Wednesday, April 15, 2009

No-Man's Land: The Failure of the UMPC

http://online.wsj.com/article/SB123941988981610781.html#mod=rss_whats_news_technology?mg=com-wsj

The Wall Street Journal reports that "Apple is working on new iPhone models and a portable device that is smaller than its current laptop computers but bigger than the iPhone or iPod Touch."


In the past decade various attempts by major electronics manufacturers to bring UMPC's (or Ultra-Mobile Personal Computers) to the market have been dismal, massive failures. UMPC's are fantastic for niche markets, medical, industrial, and other specific uses where a larger, tablet-style computer that is more powerful than a cell-phone but smaller and easier to carry than a full laptop computer, and especially where a full keyboard might not be necessary or useful.

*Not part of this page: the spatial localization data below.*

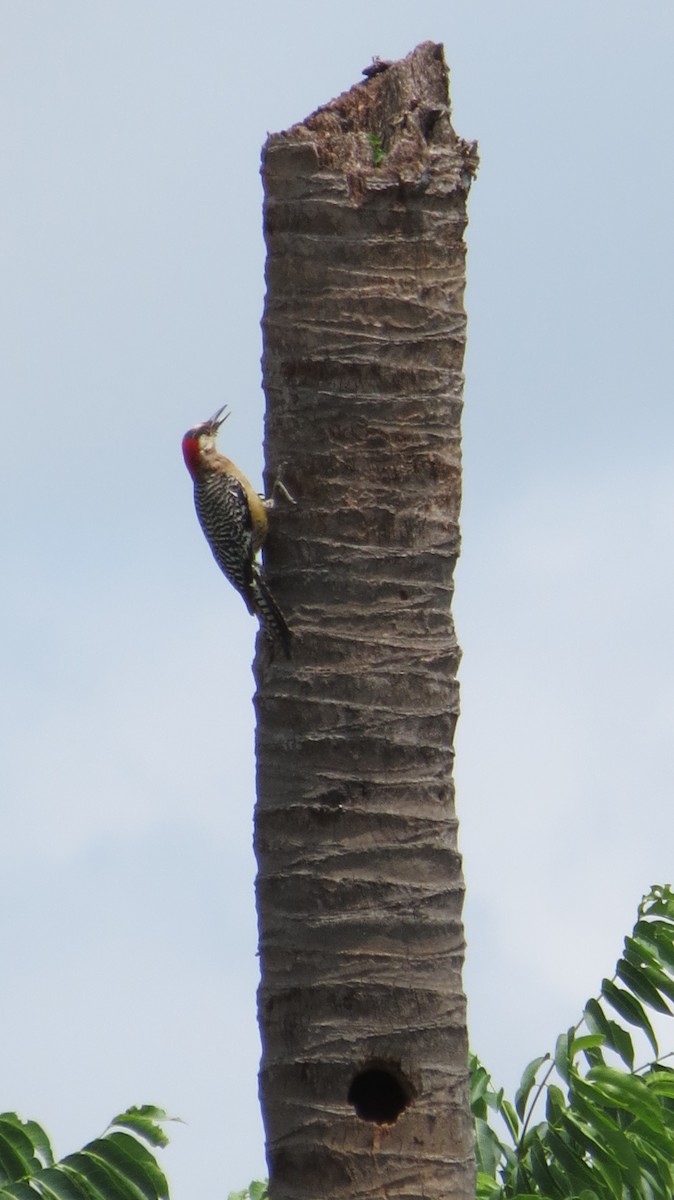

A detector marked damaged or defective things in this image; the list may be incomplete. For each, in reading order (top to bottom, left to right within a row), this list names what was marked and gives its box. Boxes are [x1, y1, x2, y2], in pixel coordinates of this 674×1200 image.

jagged splintered wood [251, 42, 477, 1200]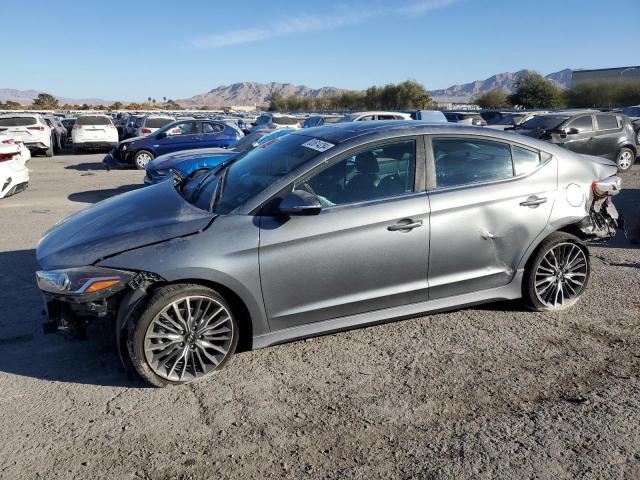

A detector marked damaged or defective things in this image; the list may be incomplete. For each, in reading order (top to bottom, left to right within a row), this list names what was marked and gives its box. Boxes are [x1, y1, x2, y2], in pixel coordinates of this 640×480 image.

crumpled hood [150, 150, 238, 174]
crumpled hood [37, 180, 215, 270]
dented driver door [424, 136, 556, 300]
damaged front end [576, 176, 624, 240]
damaged front end [37, 268, 164, 340]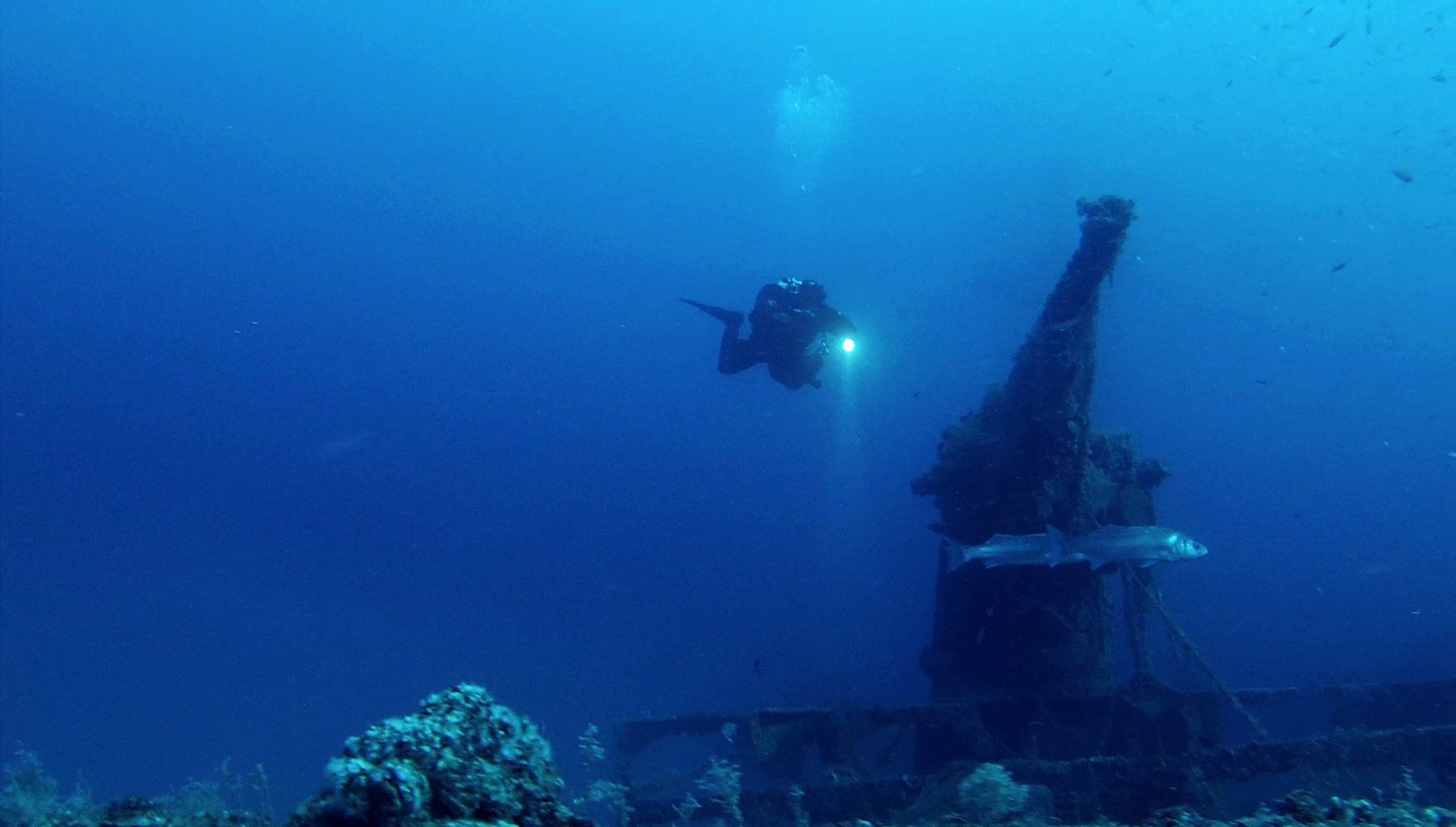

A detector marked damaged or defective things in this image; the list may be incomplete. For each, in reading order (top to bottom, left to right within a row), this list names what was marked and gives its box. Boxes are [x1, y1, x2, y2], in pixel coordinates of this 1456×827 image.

Which begs the question of why Apple, a major company devoted almost solely to personal consumer electronics (no IBM is she, dabbling in all sectors of the industry) would bother producing something that will have such a difficult time finding a market. Being larger than an iPhone (meaning too large to fit easily in a pocket), but not as powerful as the smallest laptop, the fabled apple touchscreen tablet is likely to be doomed to being the red-headed middle child of Apple's lineup.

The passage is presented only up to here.